MACAU says it has overtaken the Las Vegas Strip as the world’s biggest casino draw, raking in more than US$7 billion ($8.58 billion) in 2006.

The tiny southern Chinese enclave’s 22 casinos generated 16.7 billion patacas in the final quarter, taking the year’s total gross gaming revenues to 56.2 billion patacas ($8.83 billion).

By comparison, the 40-odd casinos on Las Vegas’ famous main strip – including the plush Venetian and MGM resorts – generated $US6.6 billion ($8.09 billion).

Macau’s renaissance from a crime-ridden territory with an ailing gaming sector was led by the Las Vegas Sands company, which opened the Macau Sands in 2004.

Other big American names to have taken advantage of the relaxed regulatory environment are Steve Wynn’s resorts and MGM.

Australia’s Crown casinos and Hong Kong’s Galaxy have also opened gaming centres.

Analysts tipped in October that the city had overtaken Las Vegas, based on earnings projections.

But today’s GDP figures are the first time that city officials have confirmed the historic development.

Gambling earnings have boomed in Macau since 2001 when the Government ended tycoon Stanley Ho’s 40 year monopoly on casinos in the city and allowed foreign operators to move in.

Macau punts Las Vegas in casino stakes | NEWS.com.au

There’s one thing I found very interesting: that in Australia, the Venetian and MGM are considered the major Strip casinos.

Another is that I wouldn’t describe Macau’s pre-2002 gaming sector as “ailing.” I’m going to quote from Roll the Bones here:

Rising from around 30% of the public revenue to nearly two-thirds of it, STDM’s gaming taxes kept Macau’s administration afloat throughout the 1980s and 1990, when Stanley Ho’s enterprises contributed around 80% of Macau’s tax revenue.

I don’t have the absolute revenue numbers at my fingertips right now, but that sounds to me like Uncle Stanley wasn’t losing any money on his casinos.

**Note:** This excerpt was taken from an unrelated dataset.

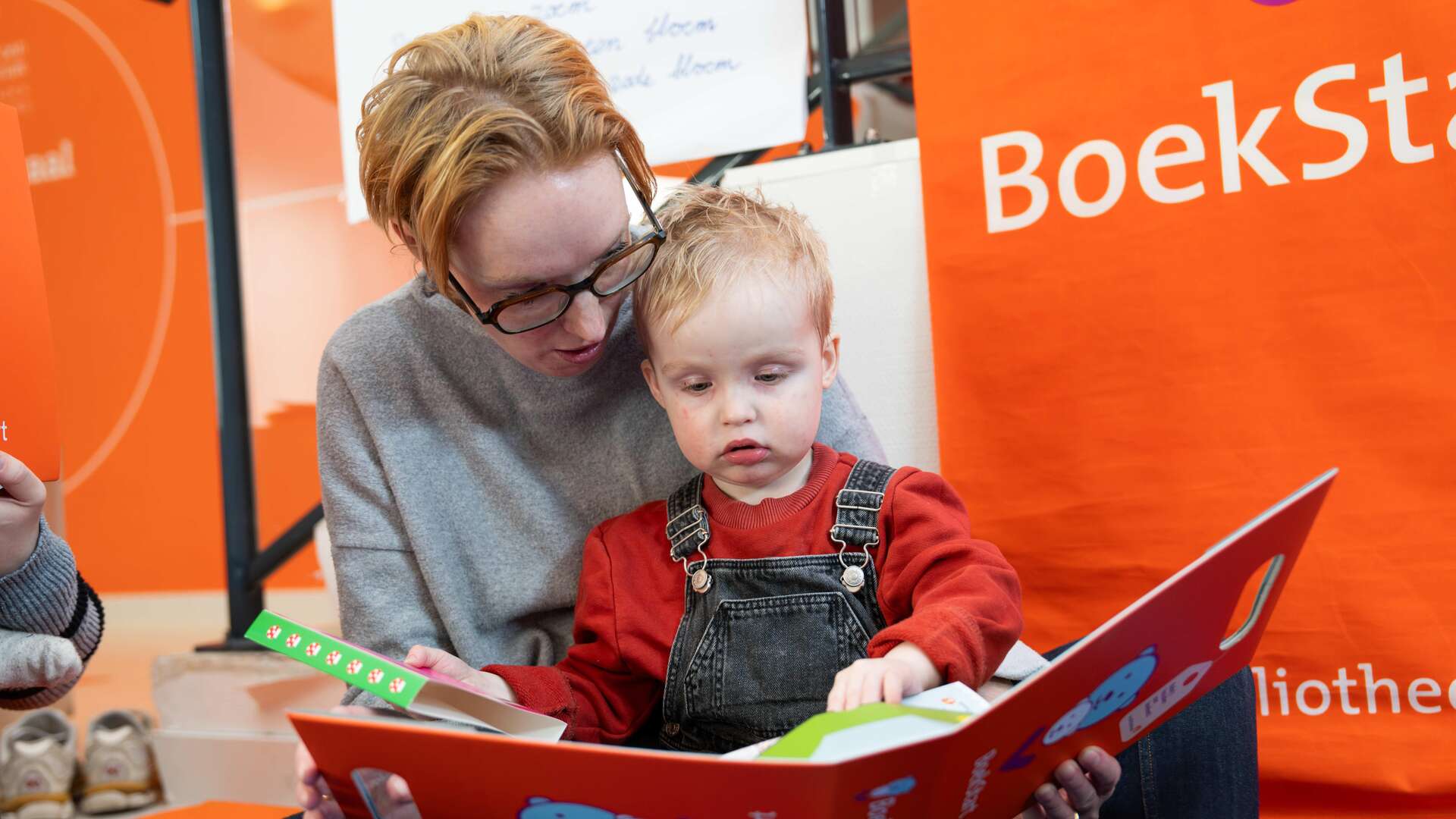 Ouderbijeenkomst BoekStart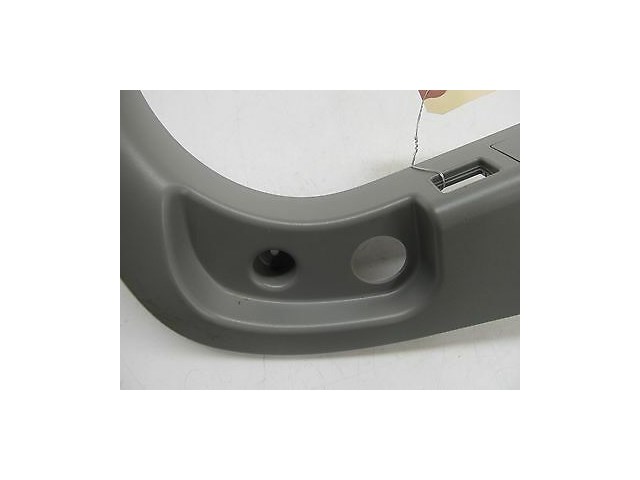 2004-2005 BMW 525i 530i E60 OEM LEFT FRONT KICK PANEL TRUNK RELEASE TRIM MOLDING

And congratulations to Hunter at Two Way Hard Three, who has the top Google result for “macau gaming revenues.” I can boast the top result for “casino carpet.”

 

Ho strikes back


I’ll get some interesting Google hits from that headline, I’m sure. In any event, Stanley Ho has opened his new casino, the Grand Lisboa. It’s next to his old flagship, the Casino Lisboa, and is dressed to impress. From the Washington Post:

Thousands of gamblers on Sunday jammed into a new casino owned by a local billionaire who is trying to fend off an invasion by Las Vegas tycoons who have been gobbling up market share in the booming Chinese territory of Macau.

Many of the punters who crowded into the Grand Lisboa _ shaped like a huge lotus flower covered in blinking lights _ were big-betting mainland Chinese who helped push Macau past the Las Vegas Strip last year as the world’s gaming center.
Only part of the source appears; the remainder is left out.